Beyond weight measurement, strain gauges paired with Wheatstone bridges are utilized in various applications, including pressure measurements, displacement, and acceleration measurements. In pressure measurements, strain gauges are affixed to a flexible diaphragm that stretches with applied pressure. The degree of flexing corresponds to the pressure and results in a small, measurable resistance change.
Bridge Circuits and Related Terms
Balanced Bridge: A bridge circuit in a state where there is zero voltage across the bridge, indicating equilibrium.
Bleeder Current: The residual current left after subtracting the total load current from the overall current into the circuit.

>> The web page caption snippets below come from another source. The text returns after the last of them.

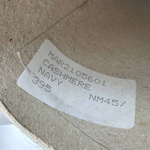 Stock ; 100% кашемир; 4500м/100гр; col. Navy, цвет: сине-черный; Есть бобинки: 36 гр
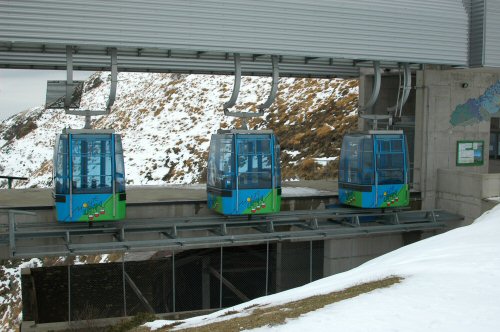 Bergstation der Seilbahn von Miglieglia zum Monte Lemo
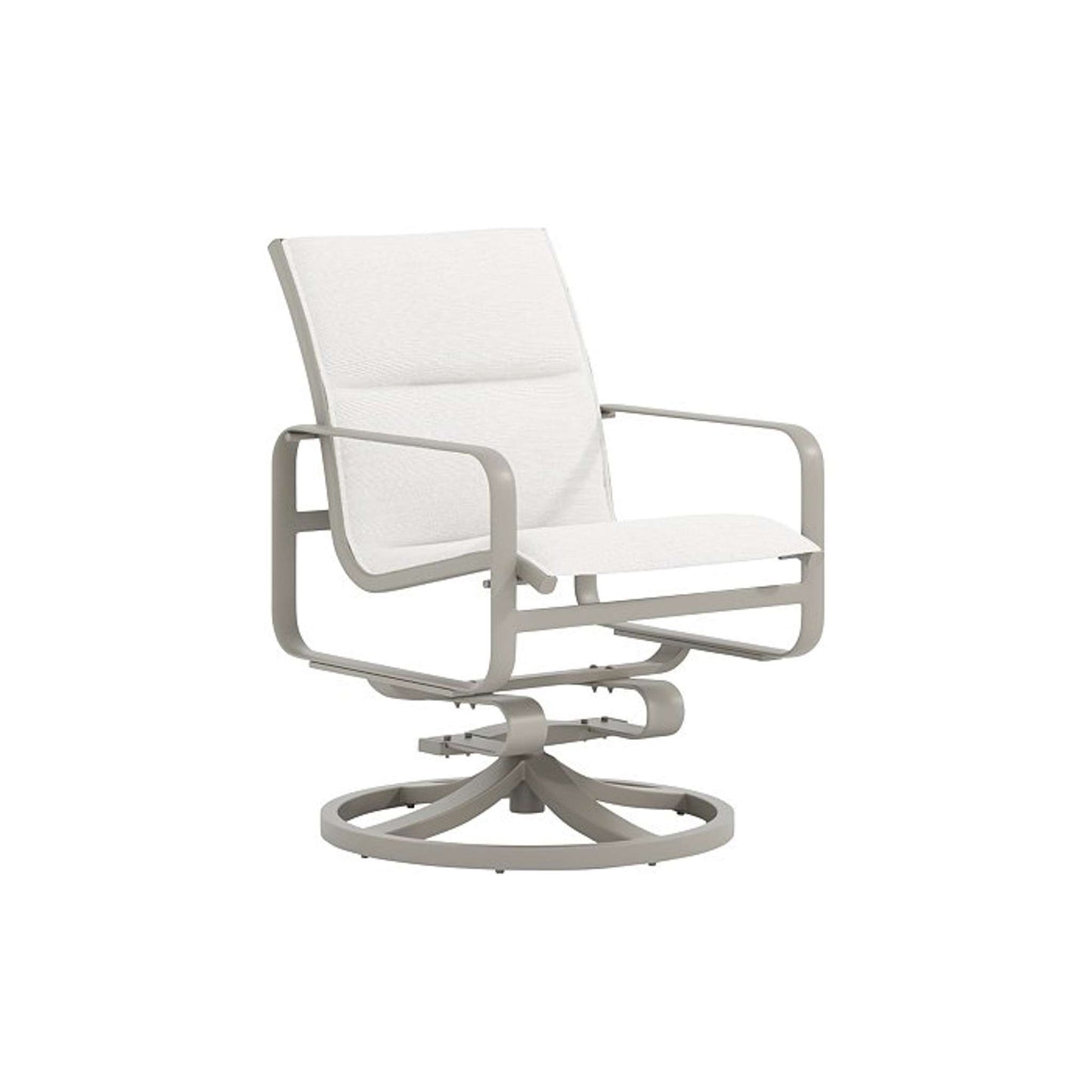 Brasilia Padded Sling Aluminum Swivel Rocker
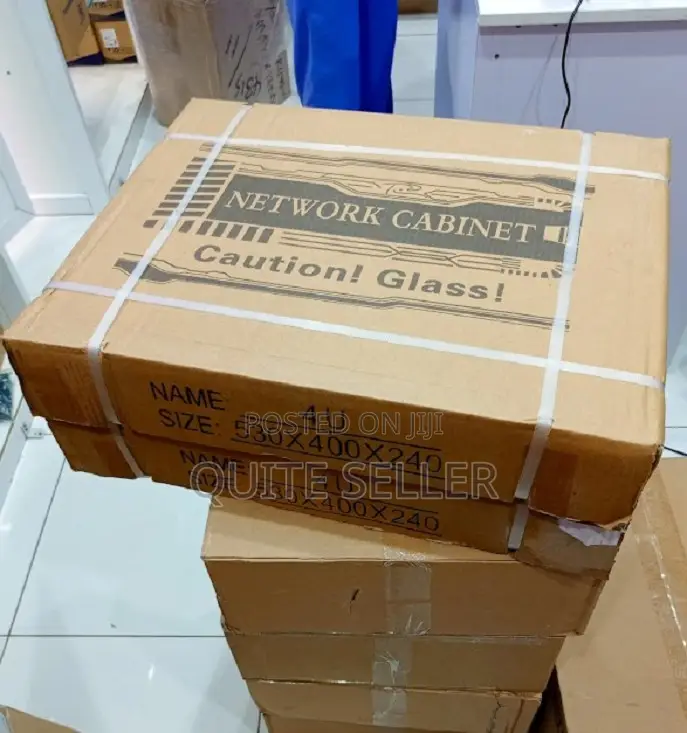 4u Wall Mounted Networkorking Cabinet Glass Door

Load Current: The current supplied to a load, represents the output current of a circuit.
Loading: The impact on a circuit when an element drawing current is connected across the output terminals.
Maximum Power Transfer: The condition where maximum power transfers from the source to the load, occurring when the load resistance equals the source resistance.
Superposition: A method for analyzing circuits with multiple sources by examining the effects of each source individually and then combining these effects.
Terminal Equivalency: The situation where two circuits produce the same load voltage and load current when the same load resistance is connected to either circuit.
Thevenin’s Theorem: A circuit theorem allowing the reduction of any two-terminal resistive circuit to a single equivalent voltage source in series with an equivalent resistance.
Unbalanced Bridge: A bridge circuit in a state of imbalance, indicated by a voltage across the bridge proportional to the deviation from the balanced state.
Wheatstone Bridge: A 4-legged bridge circuit used for accurately measuring unknown resistances in a balanced state, and for measuring deviations in resistance in an unbalanced state.